Unicode / cx_Oracle problem

Richard Schulman

Sorry to be back at the goodly well so soon, but...

....when I execute the following -- variable mean_eng_txt being
utf-16LE and its datatype nvarchar2(79) in Oracle:

cursor.execute("""INSERT INTO mean (mean_id,mean_eng_txt)
VALUES (:id,:mean)""",id=id,mean=mean)

I not surprisingly get this error message:

"cx_Oracle.NotSupportedError: Variable_TypeByValue(): unhandled data
type unicode"

But when I try putting a codecs.BOM_UTF16_LE in various plausible
places, I just end up generating different errors.

Recommendations, please?

TIA,
Richard Schulman
(Remove xx for email reply)

Sep 8 '06 #1

Subscribe Post Reply

9892

Diez B. Roggisch

Richard Schulman schrieb:

Sorry to be back at the goodly well so soon, but...

...when I execute the following -- variable mean_eng_txt being
utf-16LE and its datatype nvarchar2(79) in Oracle:

cursor.execute("""INSERT INTO mean (mean_id,mean_eng_txt)
VALUES (:id,:mean)""",id=id,mean=mean)

I not surprisingly get this error message:

"cx_Oracle.NotSupportedError: Variable_TypeByValue(): unhandled data
type unicode"

But when I try putting a codecs.BOM_UTF16_LE in various plausible
places, I just end up generating different errors.

Show us the alleged plausible places, and the different errors.
Otherwise it's crystal ball time again.

Diez

Sep 9 '06 #2

Richard Schulman

> cursor.execute("""INSERT INTO mean (mean_id,mean_eng_txt)

> VALUES (:id,:mean)""",id=id,mean=mean)
...
"cx_Oracle.NotSupportedError: Variable_TypeByValue(): unhandled data
type unicode"

But when I try putting a codecs.BOM_UTF16_LE in various plausible
places, I just end up generating different errors.

Diez:

>Show us the alleged plausible places, and the different errors.
Otherwise it's crystal ball time again.

More usefully, let's just try to fix the code above.

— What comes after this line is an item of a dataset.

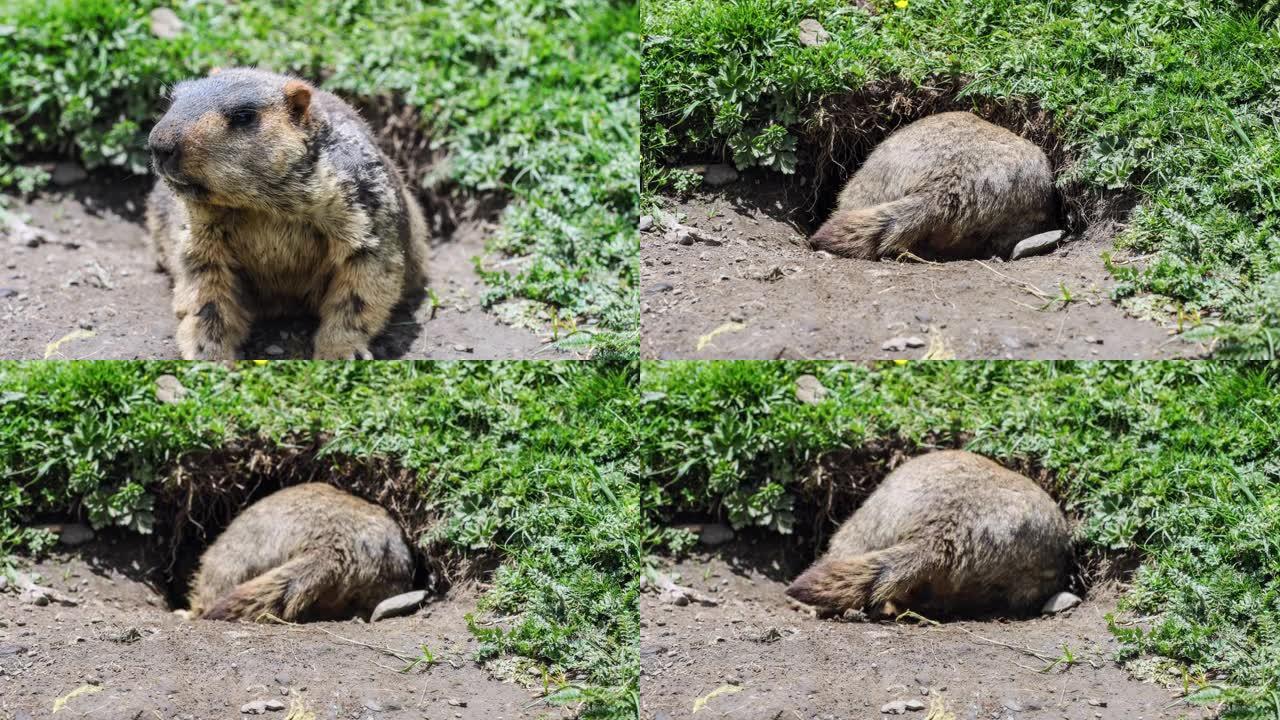 旱魔在山洞里休息土拨鼠动物园野生动物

Here's the error
message I get:

NotSupportedError: Variable_TypeByValue(): unhandled data type unicode

Traceback (innermost last):

File "c:\pythonapps\LoadMeanToOra.py", line 1, in ?
# LoadMeanToOra reads a UTF-16LE input file one record at a time
File "c:\pythonapps\LoadMeanToOra.py", line 23, in ?
cursor.execute("""INSERT INTO mean (mean_id,mean_eng_txt)

What I can't figure out is whether cx_Oracle is saying it can't handle
Unicode for an Oracle nvarchar2 data type or whether it can handle the
input but that it needs to be in a specific format that I'm not
supplying.

- Richard Schulman

Sep 10 '06 #3

Diez B. Roggisch

Richard Schulman schrieb:

>> cursor.execute("""INSERT INTO mean (mean_id,mean_eng_txt)
VALUES (:id,:mean)""",id=id,mean=mean)
...
"cx_Oracle.NotSupportedError: Variable_TypeByValue(): unhandled data
type unicode"

But when I try putting a codecs.BOM_UTF16_LE in various plausible
places, I just end up generating different errors.

Diez:
>Show us the alleged plausible places, and the different errors.
Otherwise it's crystal ball time again.

More usefully, let's just try to fix the code above. Here's the error
message I get:

NotSupportedError: Variable_TypeByValue(): unhandled data type unicode

Traceback (innermost last):

File "c:\pythonapps\LoadMeanToOra.py", line 1, in ?
# LoadMeanToOra reads a UTF-16LE input file one record at a time
File "c:\pythonapps\LoadMeanToOra.py", line 23, in ?
cursor.execute("""INSERT INTO mean (mean_id,mean_eng_txt)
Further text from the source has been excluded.